Share your dilemmas and get honest opinions from other Mumsnetters.

He really has forgotten about me

143 replies

Pinkerama · 03/04/2025 11:09

DH has been away for two weeks visiting family abroad. During this time I was looking after two DC under 3 and a sick dog that required a lot of extra attention. Between waking up multiple times a night for the dog and the baby, and dealing with toddler tantrums during the day, it was exhausting. On top of that, I had a cold myself, so it wasn’t a fun time.

DH got back and didn’t even bring me a box of poxy airport chocolates. I kept on top of everything while he was away relaxing and I’m not even worth that? Also, he completely forgot about Mother’s Day, didn’t even send a text.

He started unpacking and had lots of things for the kids. I was so upset when I realised that he forgot to get something for me, that I burst into tears (I know, ridiculous, but I’m exhausted and emotional). Now he’s sulking because I got upset.

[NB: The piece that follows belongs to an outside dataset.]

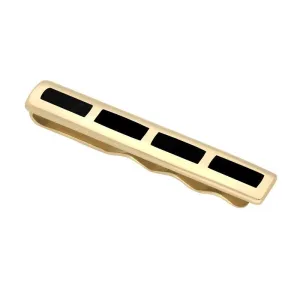 9ct Yellow Gold Whitby Jet Four Stone Inlaid Tie Slide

AIBU to feel used and unappreciated?

OP posts:
Pinkerama · 03/04/2025 15:05

Sherararara · 03/04/2025 15:03

So what?

I was explaining in case you didn’t understand the circumstances from the op, as your comment about business travel is off topic. But I can see you’re just being deliberately obtuse.

OP posts:
MaltipooMama · 03/04/2025 15:06

TheHerboriste · 03/04/2025 12:27

You expect a gift when he travels?

If he’s travelling to a lovely two week holiday whilst I’m ill with a poorly dog and children at home running on no sleep then abso-bloody-lutely yes! And if it was the other way round I would be bringing something mega thoughtful back to say thank you for holding the fort under difficult circumstances which allowed me to go and have a great holiday! I don’t know if it’s just me but the bar feels really low sometimes…

EconomyClassRockstar · 03/04/2025 15:10

My DH travels a lot for work and he always brings me a gift home, even if it's just a bar mat that made him think of me or a bar of chocolate and the only thing I'm in charge of while he's away is our old dog. OP, you are absolutely in the right here to feel overlooked and taken for granted. Hopefully when he's grown up and stopped sulking you can sit down and explain why you were upset.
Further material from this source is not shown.